All individual and family health insurance plans must cover these essential health benefits without any lifetime or annual limits. However, a plan may require cost-sharing like deductibles, coinsurance, and co-pays.[1]

Note: Essential health benefits are minimum requirements. Some plans may offer additional benefits like dental, vision, and chiropractic care. Also, some states have stricter rules than others.

Defining the ten essential health benefits

Let’s walk through each essential health benefit and what it includes.

1. Ambulatory patient services

This category includes outpatient care you receive without being admitted to a hospital.

2. Emergency services

This category includes care received in an emergency. Your insurance company can't charge you more for getting emergency room services at an out-of-network provider.

3. Hospitalization

This includes treatment you receive in the hospital as part of inpatient care.

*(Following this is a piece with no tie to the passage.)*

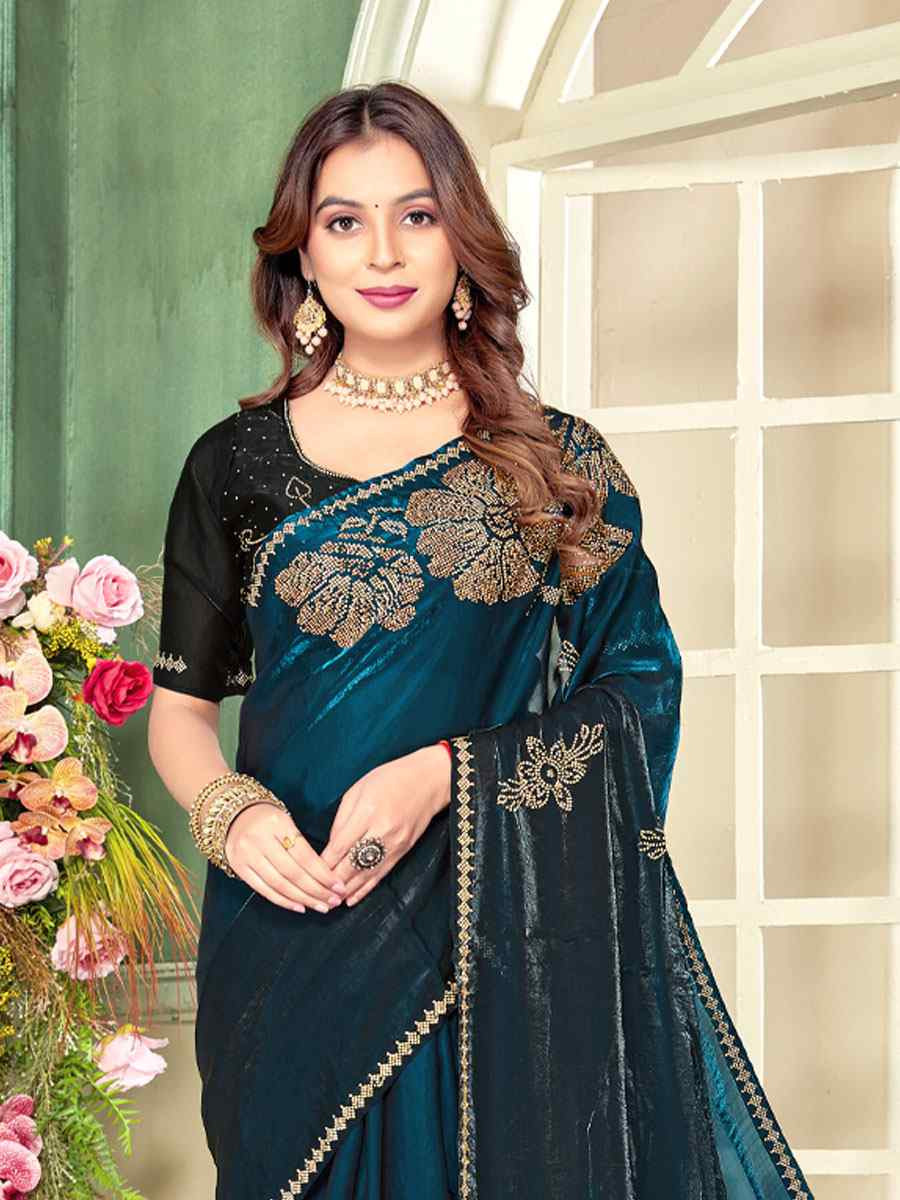 Morpeach Blue Fendi Satin Silk Zircon Hand Embroidery Bridal Reception Festival Wedding Fancy Heavy Border Sarees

4. Maternity and newborn care

This category includes services that care for you and your baby before, during, and shortly after giving birth. 

5. Mental health and substance use disorder services, including behavioral health treatment

This category includes services to treat behavioral health, provide counseling, or provide psychotherapy.

6. Prescription drugs

This category includes coverage of a government-approved prescription drug list. In general, insurance companies must cover one drug from each group.

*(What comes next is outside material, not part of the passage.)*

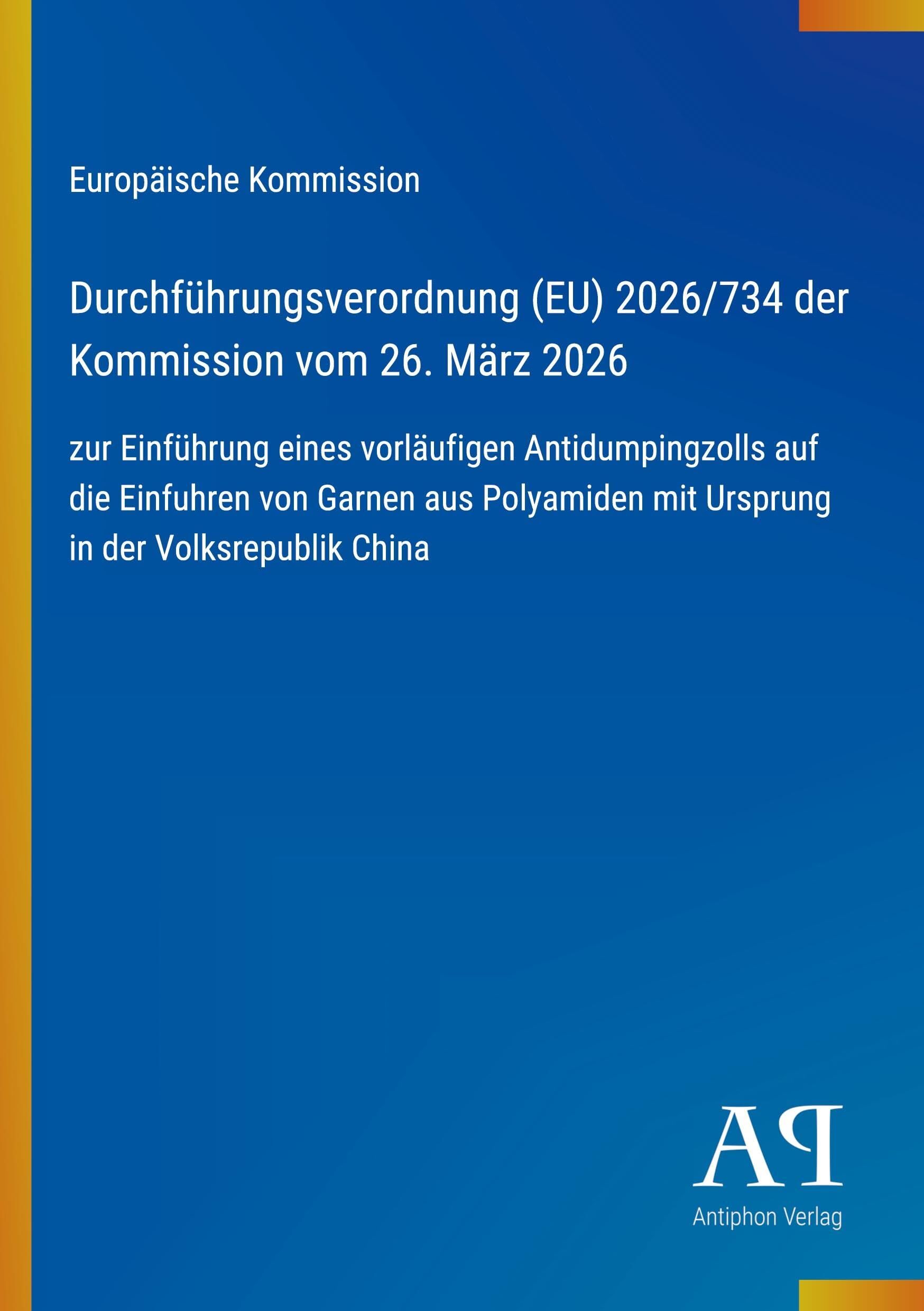 Durchführungsverordnung (EU) 2026/734 der Kommission vom 26. März 2026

7. Rehabilitative and habilitative services and devices

This category includes services like physical therapy, occupational therapy, or speech therapy.

8. Laboratory services

This category includes lab tests that diagnose conditions like x-rays and blood tests.

9. Preventive and wellness services and chronic disease management

This category includes services like screenings and vaccines. In general, plans must cover these services without cost-sharing.

10. Pediatric services, including oral and vision care

This includes dental and vision services offered to children through the age of 18. Specifically, plans must cover two routine pediatric dental exams and one annual pediatric eye exam. Adult dental and vision coverage is optional.

Notes:

[1] The exception to this is any service that qualifies as free preventive services, which insurers must cover without cost-sharing.